EXPOSE DES FAITS, DES MOYENS ET PRETENTIONS DES PARTIES
Par jugement contradictoire du 06 février 2026, le tribunal judiciaire de Reims a :
condamné la SCP [2], notaires associés, à payer à M. [D] et Mme [V] épouse [D] la somme de 920 158 euros à titre de dommages et intérêts, outre intérêts au taux légal à compter du 10 juillet 2024, date de la mise en demeure,
condamné la SCP [2], notaires, associés, aux entiers dépens,
condamné la SCP [2], notaires, associés, à payer à M. [D] et Mme [V] épouse [D] la somme de 1 500 euros au titre des frais irrépétibles,
rappelé que la présente décision revêt l'exécution provisoire de droit.
Par acte de commissaire de justice en date du 04 mai 2026, la SCP [2], notaires, associés, sollicite de :
A titre principal,
prononcer l'arrêt de l'exécution provisoire pour la totalité des sommes allouées au profit de M. [D] et de Mme [V] épouse [D] par le tribunal judiciaire de Reims aux termes de son jugement en date du 06 février 2026,
Subsidiairement,
ordonner la consignation des sommes allouées à M. [D] et à Mme [V] épouse [D] par le tribunal judiciaire de Reims aux termes de son jugement en date du 06 février 2026, entre les mains de M. le Bâtonnier de l'Ordre des Avocats de Reims, jusqu'à l'arrêt à intervenir,
réserver les dépens.
Par conclusions et à l'audience, la SCP [2], notaires, associés, fait valoir que le tribunal a statué sans considérer que sur le plan du préjudice, le jugement est critiquable notamment en ce que les époux [D] ne justifient pas du règlement de l'impôt, alors que le notaire est condamné à régler des intérêts depuis 2024.
Elle soutient qu'il n'est également pas apporté d'éléments sur la question de savoir si les requérants ont présenté une réclamation, si bien que les époux [D] n'ont pas sollicité le bénéfice de l'étalement du revenu foncier de 1 342 365 euros rectifié au titre de l'année 2020 ce qui aurait permis de limiter significativement les conséquences financières immédiates de la rectification proposée.
Elle indique également que les époux [D] auraient dû solliciter l'application de l'article 163-O A I du CGI qui prévoit un mécanisme de quotient, lequel permet d'éviter qu'un revenu exceptionnel ne soit soumis à une imposition excessive.
La SCP [2], notaires, associés, expose que l'exécution provisoire a vocation à être arrêtée à hauteur des sommes que le bénéficiaire d'une condamnation ne serait pas en mesure de restituer en cas de réformation du jugement.
Elle fait notamment valoir qu'on ignore la solvabilité des époux [D] dès lors qu'ils ne fournissent aucune garantie de représentation.
Par conclusions et à l'audience, M. [D] et Mme [V] épouse [D] sollicitent de :
rejeter les demandes de la société [3],
maintenir l'exécution provisoire du jugement rendu le 06 février 2026 par le tribunal judiciaire de Reims,
condamner la société [3] à payer aux consorts [D] la somme de 2 000 euros au titre de l'article 700 du code de procédure civile,
condamner la société [3] aux entiers dépens.
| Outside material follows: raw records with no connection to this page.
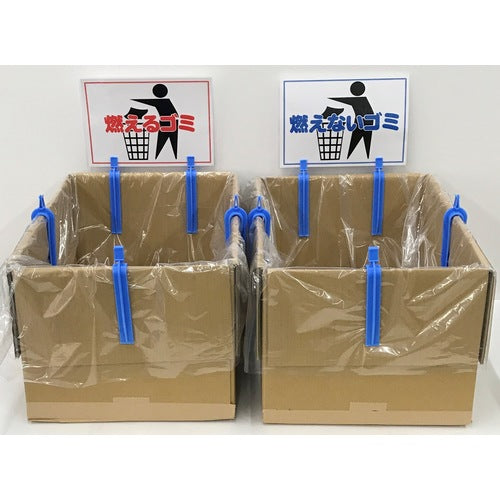 【メール便対応】トラスコ中山（TRUSCO）　段ボールクリップ 4個入　【品番：TDBC-4】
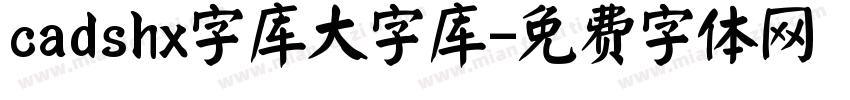 cadshx字库大字库字体转换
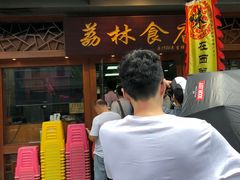 -荔林食店(西华路店)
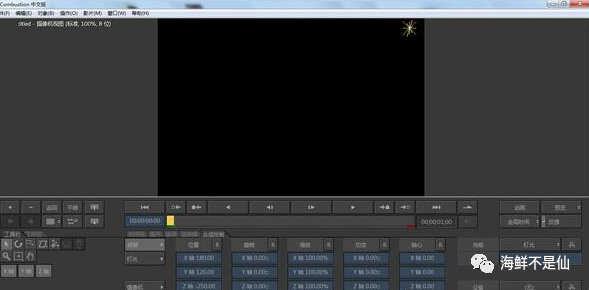 剪辑、合成、三维影视后期制作的三大特效软件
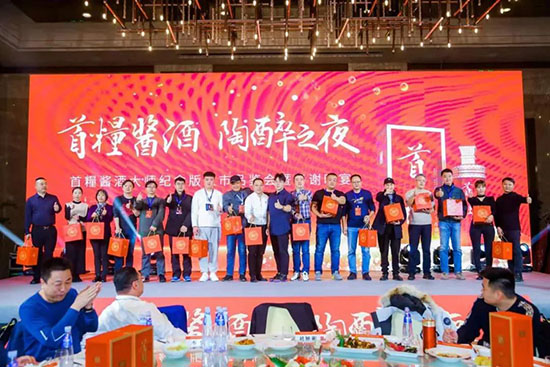 �׼Z�󎟼o(j��)���l(f��)�������Ĵ����š��x���u���r(sh��)����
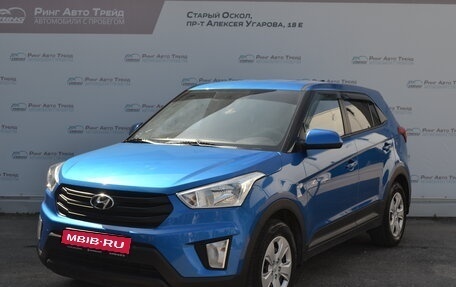 Hyundai Creta I рестайлинг, 2019 год, 1 990 000 рублей, 1 фотография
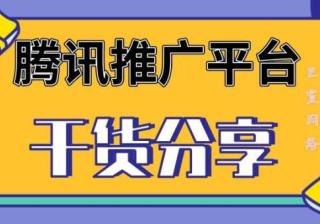 腾讯生态如何助力通辽牛肉干产业带生意新增长？ | 腾讯广告推广平台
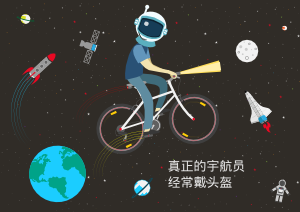 Real astronauts always wear their helmet.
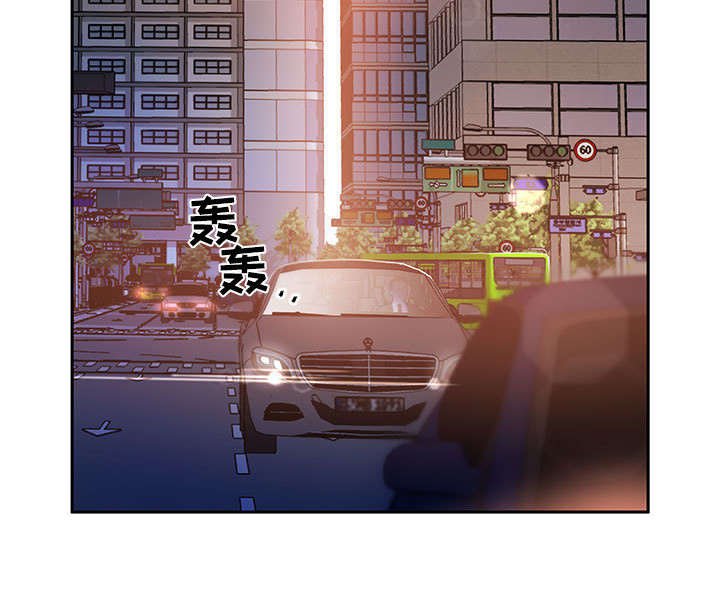 第8章：第一次见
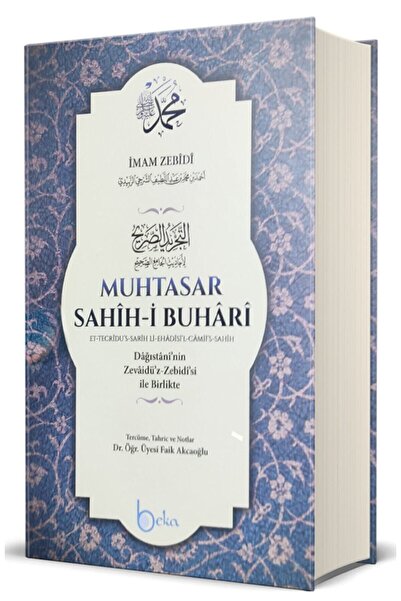 Beka Yayınları Muhtasar Sahihi Buhari (ciltli)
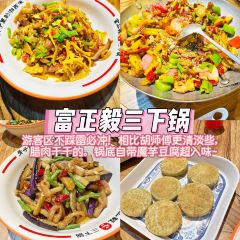 YONG CHENG SHI BA ZI User Photo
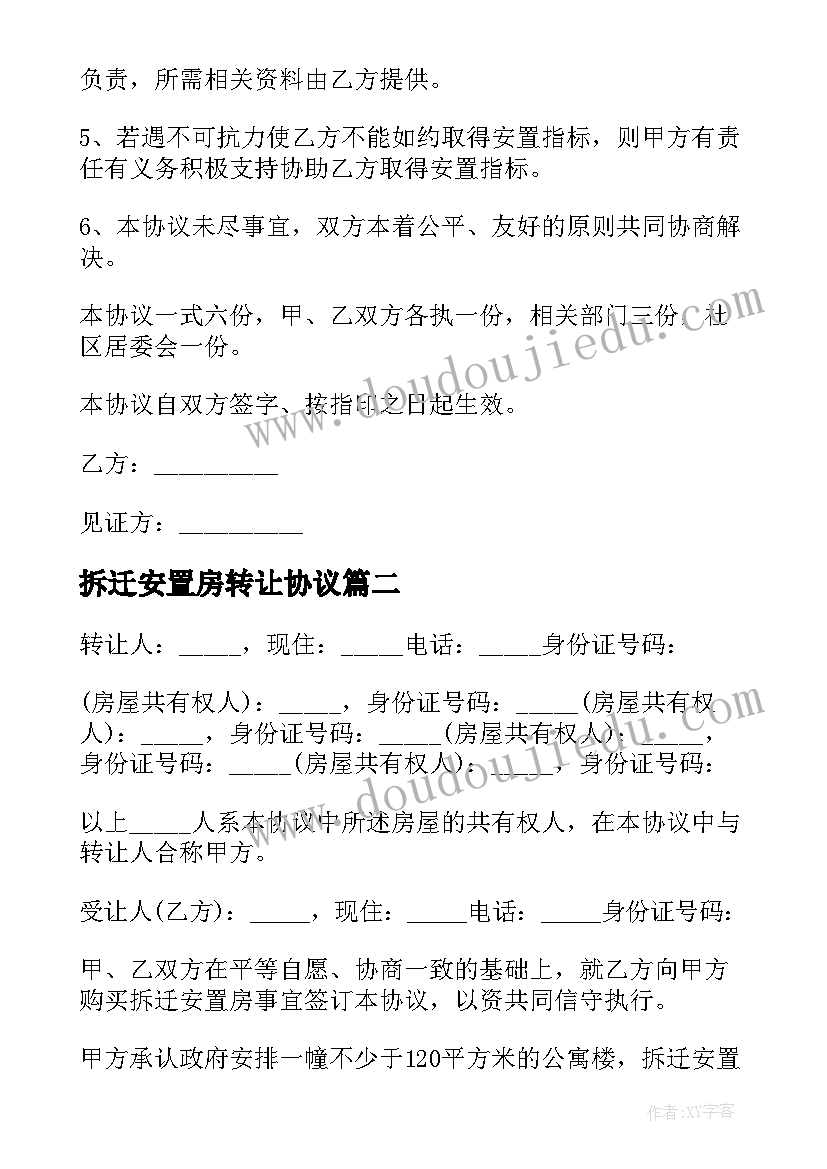 2023年拆迁安置房转让协议(汇总5篇)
Les consorts [D] font valoir que la requérante reprend ses trois moyens présentés devant le tribunal judiciaire de Reims, alors même que le moyen sérieux d'infirmation ou de réformation ne peut être caractérisé par la seule reprise des arguments développés en première instance.
Ils soutiennent que ces trois moyens ont été rejetés par la juridiction de première instance et qu'ils ne peuvent constituer une « base factuelle évidente ».
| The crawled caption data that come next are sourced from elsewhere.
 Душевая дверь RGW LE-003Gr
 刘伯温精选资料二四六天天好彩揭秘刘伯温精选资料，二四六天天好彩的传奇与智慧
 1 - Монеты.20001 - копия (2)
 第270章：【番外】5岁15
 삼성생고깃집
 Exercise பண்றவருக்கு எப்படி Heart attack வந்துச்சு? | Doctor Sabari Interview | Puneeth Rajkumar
Ils exposent que la requérante ne démontre pas l'existence de moyens sérieux de réformation ou d'annulation dans sa requête.
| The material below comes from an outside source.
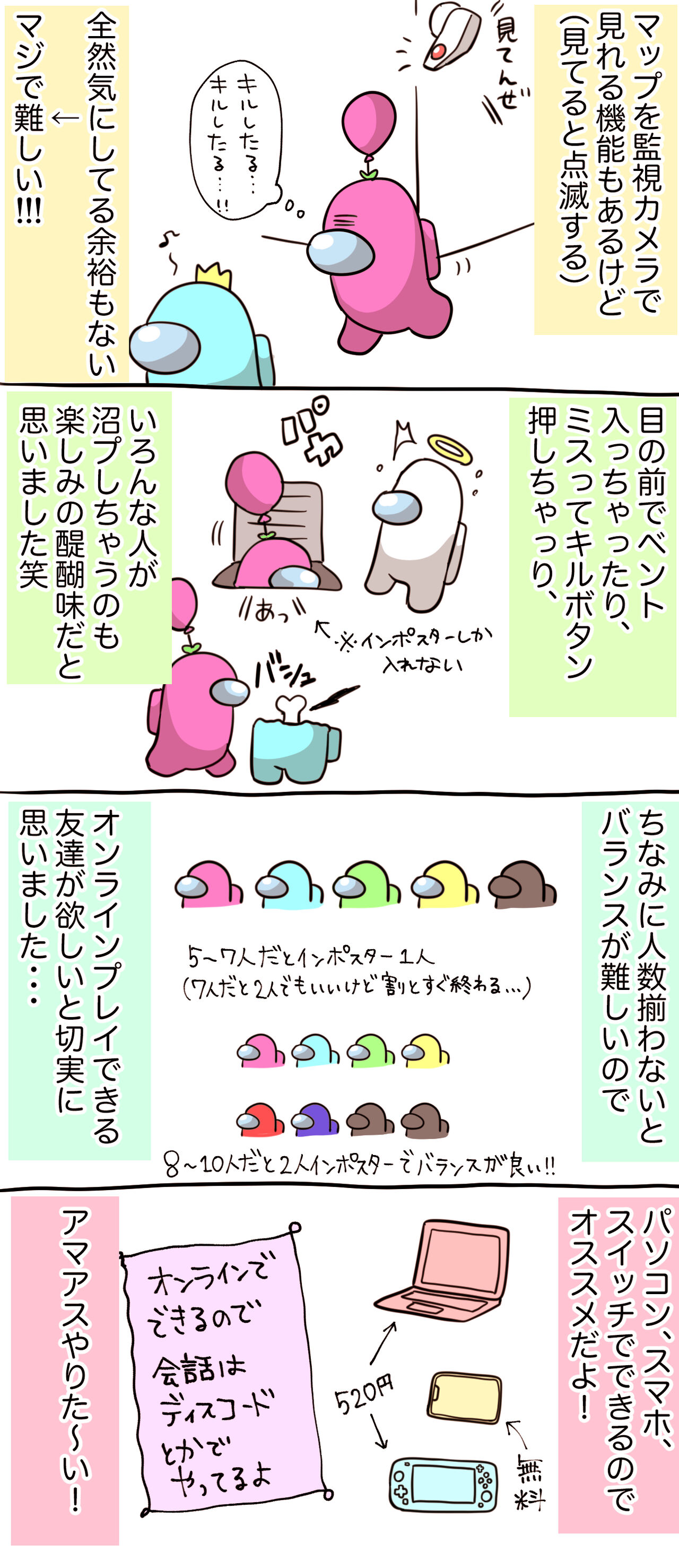 楽しい楽しい宇宙人狼の話 漫画家 秦なつはの好きなこと Powered By ライブドアブログ 楽しい楽しい宇宙人狼の話 漫画家 秦なつはの好きなこと Powered By ライブドアブログ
Les consorts [D] indiquent également que l'étude notariale leur reproche de ne pas justifier du règlement de l'impôt, alors que le notaire est condamné à régler des intérêts depuis 2024.
Ils exposent que le paiement de l'impôt n'est pas nécessaire pour caractériser le préjudice dès lors que l'avis de mise en recouvrement est effectif.